Treasury Draft

Money should have a memory.

This is a draft of how Chapter Two Initiative may receive, hold, distribute, and report funds if donations open later.

Current Status

Donations are not open yet.

This is a planning document, not an active treasury or donation solicitation. Final setup depends on the legal, banking, tax, and accounting path Chapter Two Initiative chooses before money moves.

View support status

Purpose

The treasury should make trust visible.

If Chapter Two Initiative opens donations, the treasury should show how support moves from people who give into practical help for people trying again.

The public does not need a maze of accounting language. It needs a clear picture of what came in, what went out, what remains, and what kind of help became possible.

The point is simple: the numbers should tell the same story the mission tells.

Draft Buckets

What the treasury may include.

These are public-facing categories for how support may be organized if donations open later. They may change as the project learns what people actually need.

Practical Support Fund

Direct help tied to a clear next step: tools, work gear, certifications, documents, mobility, short-term stability, or recovery needs.

Emergency Opportunity Fund

Time-sensitive gaps where a small push may keep a job, training slot, housing step, appointment, or other real opportunity from falling apart.

Operating Reserve

Basic project costs needed to keep the work reliable: domain, email, security, reporting tools, payment fees, and recordkeeping.

Held or Restricted Funds

Money waiting on a decision, receipt, legal clarification, donor restriction, returned payment, or other unresolved item.

Public Promise

Clear numbers. Protected stories.

A future public report should show total money received, total money distributed, administrative costs, current balance, and broad support categories.

It should also protect the people this project exists to serve. Private submissions, names, addresses, health details, legal details, and identifying hardship should not become public content.
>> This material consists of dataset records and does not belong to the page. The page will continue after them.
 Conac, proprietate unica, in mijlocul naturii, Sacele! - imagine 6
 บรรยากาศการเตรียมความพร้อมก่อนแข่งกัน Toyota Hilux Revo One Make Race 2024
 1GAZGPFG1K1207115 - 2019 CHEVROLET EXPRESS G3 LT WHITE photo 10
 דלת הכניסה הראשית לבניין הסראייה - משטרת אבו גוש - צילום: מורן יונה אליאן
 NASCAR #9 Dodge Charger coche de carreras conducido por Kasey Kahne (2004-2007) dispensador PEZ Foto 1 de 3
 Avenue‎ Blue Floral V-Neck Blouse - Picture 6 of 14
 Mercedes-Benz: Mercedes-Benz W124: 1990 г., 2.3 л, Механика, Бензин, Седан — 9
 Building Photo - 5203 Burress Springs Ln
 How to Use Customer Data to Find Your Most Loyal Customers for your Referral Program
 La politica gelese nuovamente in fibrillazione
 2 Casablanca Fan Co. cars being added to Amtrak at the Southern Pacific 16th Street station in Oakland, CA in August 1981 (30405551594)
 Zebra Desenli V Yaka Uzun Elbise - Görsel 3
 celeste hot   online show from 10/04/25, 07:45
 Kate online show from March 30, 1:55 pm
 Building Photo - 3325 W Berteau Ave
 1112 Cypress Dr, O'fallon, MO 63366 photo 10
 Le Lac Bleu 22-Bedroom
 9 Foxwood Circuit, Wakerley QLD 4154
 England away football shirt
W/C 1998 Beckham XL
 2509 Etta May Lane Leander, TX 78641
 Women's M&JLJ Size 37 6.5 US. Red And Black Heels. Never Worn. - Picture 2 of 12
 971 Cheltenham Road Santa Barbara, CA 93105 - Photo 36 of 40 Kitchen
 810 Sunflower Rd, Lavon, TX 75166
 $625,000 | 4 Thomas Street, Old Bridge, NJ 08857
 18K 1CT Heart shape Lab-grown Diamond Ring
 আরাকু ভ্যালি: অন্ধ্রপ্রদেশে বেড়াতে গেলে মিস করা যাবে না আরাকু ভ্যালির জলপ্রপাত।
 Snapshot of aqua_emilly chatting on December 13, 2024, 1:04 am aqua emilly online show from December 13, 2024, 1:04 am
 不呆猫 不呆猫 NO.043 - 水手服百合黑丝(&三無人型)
The public should be able to answer the basic question: did support move from the community into practical help, and can the project show that clearly?

Before Donations Open

Some things need to be true first.

Chapter Two Initiative should not open donations until it has a clear legal path, a clean way to receive and separate funds, a recordkeeping process, and a public reporting rhythm.

Trust should be visible.

A treasury is not just where money sits. It is how trust gets proven.